Cóż tu dużo mówić? Ostatnie parę dni nie różniły się za bardzo od siebie. Ciągle siedziałem u siebie albo komuś pomagałem. Miałem ręce pełne roboty. Szczerze lubię to. Dzięki pracy mam mega dużo energii i się nie nudzę. Tego ranka wstałem normalnie o ósmej. Wypiłem na szybkiego herbatkę i zabrałem się do pracy. Musiałem skończyć swoje najnowsze kreacje na te coraz chłodniejsze dni. Potem chciałem też się wybrać do miasta, ale przed tym muszę też zajrzeć do Lennie'go. Biedak już tak długo jest chory. Westchnąłem zmartwiony na samą myśl o tym. Powinno mu się już polepszać. Kto wie, może dzisiaj już stanie na równe nogi? Błagam, żeby już był zdrowy. Wiecznie nie może być chory.
Dzisiaj już darowałem sobie moje królewskie ubrania. Nie będę cudować. Nie mam ciepłych rzeczy, które określają mój styl, ale na pewno za niedługo się to zmieni. Założyłem zwykły biały sweter i szare jeansy. Plus jakieś czarne buty. Zimno mi było i na dworze z resztą też. Ciekawe, czy spadnie śnieg? Zima to taki magiczny czas. Wszystko jest białe i nastaje taka głucha cisza. Można pić cały dzień gorącą czekoladę i leżeć pod kocykiem, czytając ulubioną książkę albo iść porzucać śnieżkami, ulepić bałwana, jeździć na sankach i nartach. Dla mnie łyżwy są jednak najlepsze. Koniec z końców długo się nie zająłem pracą, tylko wyszedłem na zewnątrz. Nie widziałem ani jednej żywej duszy. W sumie, co tu się dziwić? Nikomu by się nie chciało ruszać w taki dzień. Zero słońca, tylko same szare chmury plus ten wiatr. Może sobie odpuszczę dzisiaj to miasto? Sam już nie wiem. Nie tracąc czasu, poszedłem zajrzeć do Lennie'go. Szybko znalazłem się przed jego namiotem. Gdy tylko zobaczyłem, że siedzi sobie na łóżku od razu go przytuliłem.

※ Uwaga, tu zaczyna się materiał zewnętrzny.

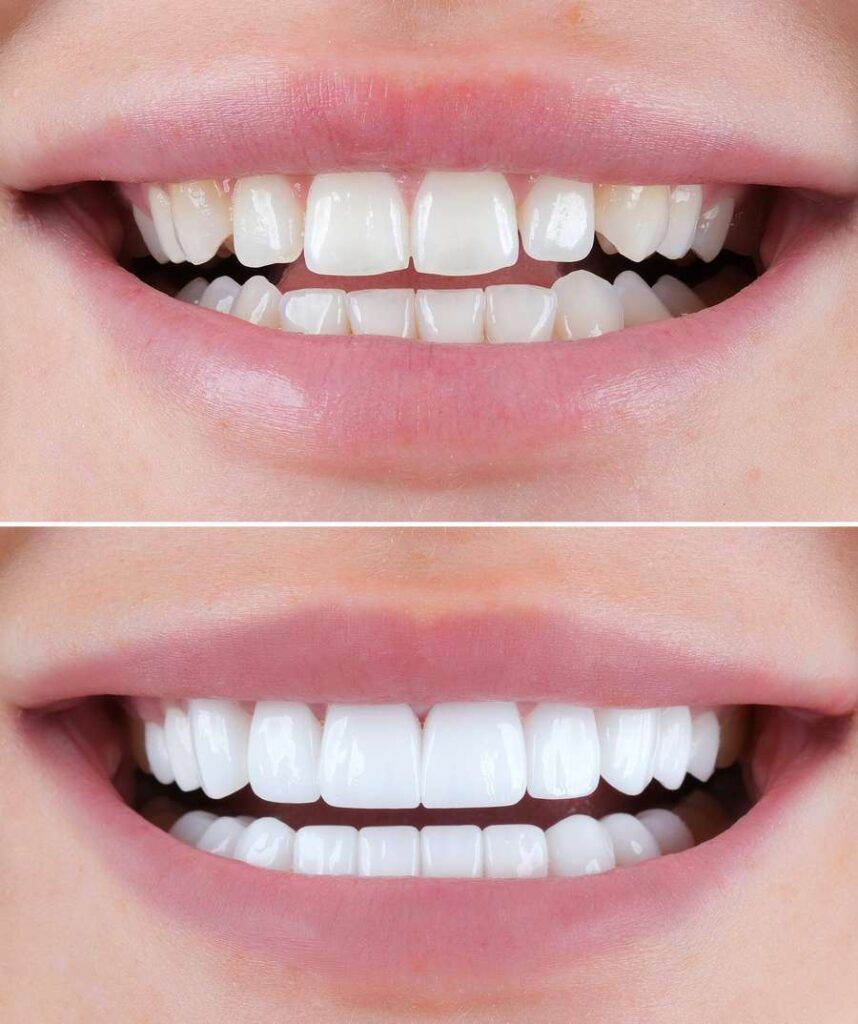 Dentist in Bodrum
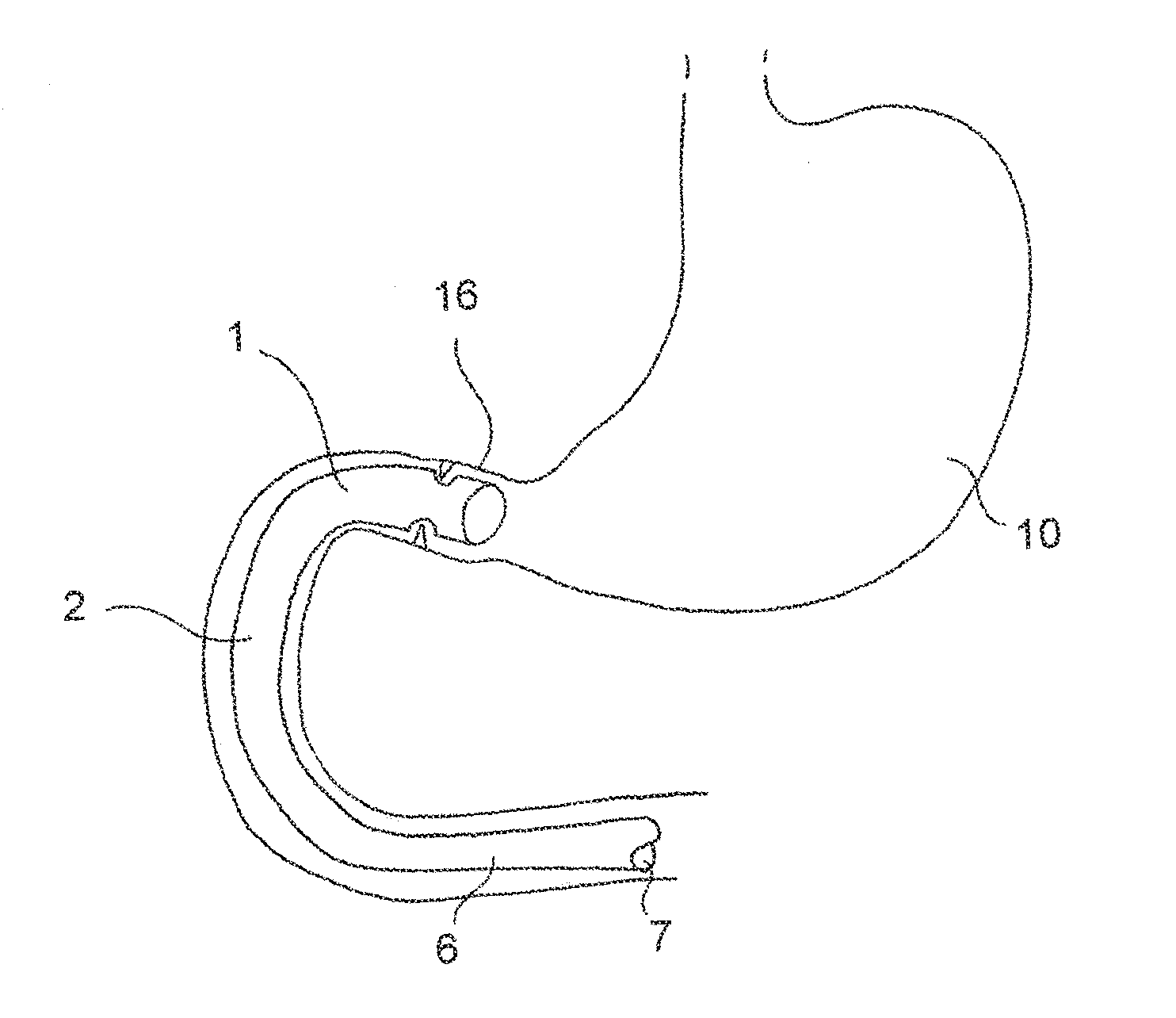 Device for Anchoring an Endoluminal Sleeve in the GI Tract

- Hejka, Lennie. Jak się masz? - spytałem i od razu przyłożyłem rękę do jego czoła. Chłopak tylko wzruszył ramionami.
- O wiele lepiej.
- Jak dla mnie jesteś już zdrowy, ale i tak powinieneś jeszcze odpoczywać. Nie ma się co spieszyć. W ogóle co sądzisz?- stanąłem przed nim.- Najnormalniejsze co mam. Czuje się niższy w tych zwykłych butach, a ten sweter jest taki pusty. Jednak da się przeżyć. Poza tym chciałem się dzisiaj wybrać do miasta, ale teraz już nie wiem. Jakaś marna ta pogoda. Może pójdę innym razem.- wzruszyłem ramionami, a po chwili zwyczajnie poprawiłem rękawy swetra.